TELEVISION / DIY thriller killer

Thomas Sutcliffe
Tuesday 06 July 1993 23:02 BST
Comments

IF YOU'VE ever dreamt of writing a 'major two-part thriller' (the words are those of the Channel 4 press office) you could do worse than watch some of Tony Bicat's Exchange of Fire. I say 'some' because you're not being paid to sit through until the credits roll (and frankly, I'm not paid enough); in any case, the important lessons will be absorbed relatively quickly.

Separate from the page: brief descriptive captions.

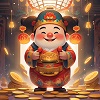 皇冠crown体育是哪个国家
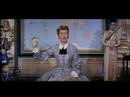 Julie Andrews Singing Getting to Know You (The King and I)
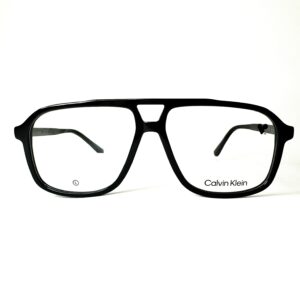 Calvin Klein CK24518 001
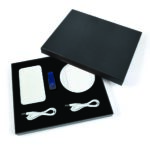 Quantum Gift Set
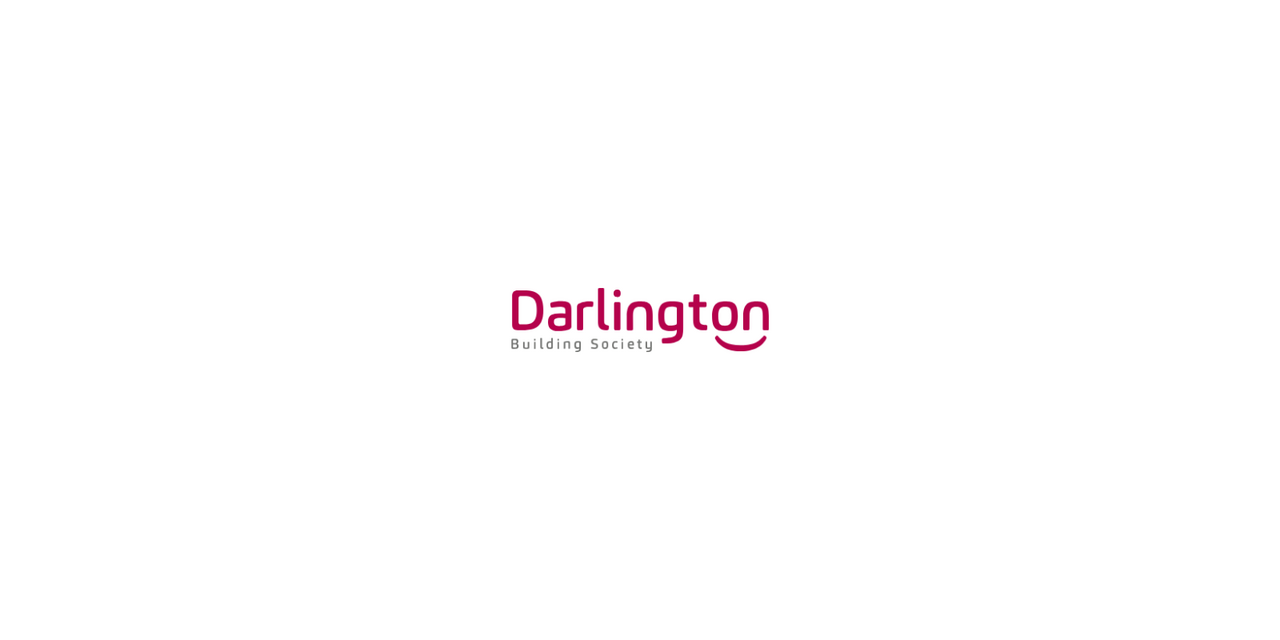 Darlington Building Society launches into Ltd Co BTL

Lesson One is: Don't be nervous. You may have assumed that this level of expenditure on a piece of television would require the writer to come up with a complex and plausible plot. Not necessarily credible, you understand - most thrillers deal to a certain degree in fantasy - but merely plausible, sufficiently sanded-down to prevent your higher reasoning snagging on jagged edges. This obviously isn't the case. Exchange builds its plot on the following jerry-built foundations.

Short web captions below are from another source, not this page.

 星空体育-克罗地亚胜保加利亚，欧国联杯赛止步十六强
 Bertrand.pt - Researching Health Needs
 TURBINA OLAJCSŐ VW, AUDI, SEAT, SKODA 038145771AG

You are asked to believe: that a Havel-style Czech Prime Minister would send his 17-year-old daughter on a hearts-and-minds mission to London; that despite threats to her safety she stays in a grubby hotel rather than the secure and lavish embassy; that she bears a strong physical resemblance to the daughter of a libertarian philosopher who has supported Czech dissidents; that she visits said philosopher in hospital at exactly the same time as said daughter and - you had better swallow what you've got in your mouth already, otherwise you're going to choke - that the girls are wearing virtually identical clothing, down to a fetching grey beret.

Lesson Two is: I really mean it. Don't be nervous. You assume that if the plot is nonsense, then the dialogue must be pretty special. Not so. The Prime Minister's daughter explains at one point that she learnt most of her English from American videos, which at least gives her an alibi. On the same principle, the older characters appear to have belonged to a Prague film club with an obsessive interest in Forties B-movies. 'You know . . . (soulful pause) I always loved you', 'There is no us' / 'Look me in the eyes and say that', 'So far our brave little country has had little from England but fine words', 'Take her out of herself, she thinks too much' - all the old favourites are there.

Lesson Three is: Be utterly shameless. Don't worry if your story includes beat coppers who happen to be armed and MI5 men who conduct their surveillance by standing at uncurtained windows with an array of equipment like a Dixon's display cabinet. Don't worry if the production bulges with fake misunderstandings, clumsy continuity, inconsistency of characterisation and an almost criminal disregard for the intelligence of the viewer. Somebody, somewhere might make your film.

The medical term for the trauma a film like this inflicts is 'gross insult to the brain'. It normally results in unconsciousness but don't take any consolation from that - even if you were in a coma I suspect Exchange of Fire might provoke you to yelps of outrage.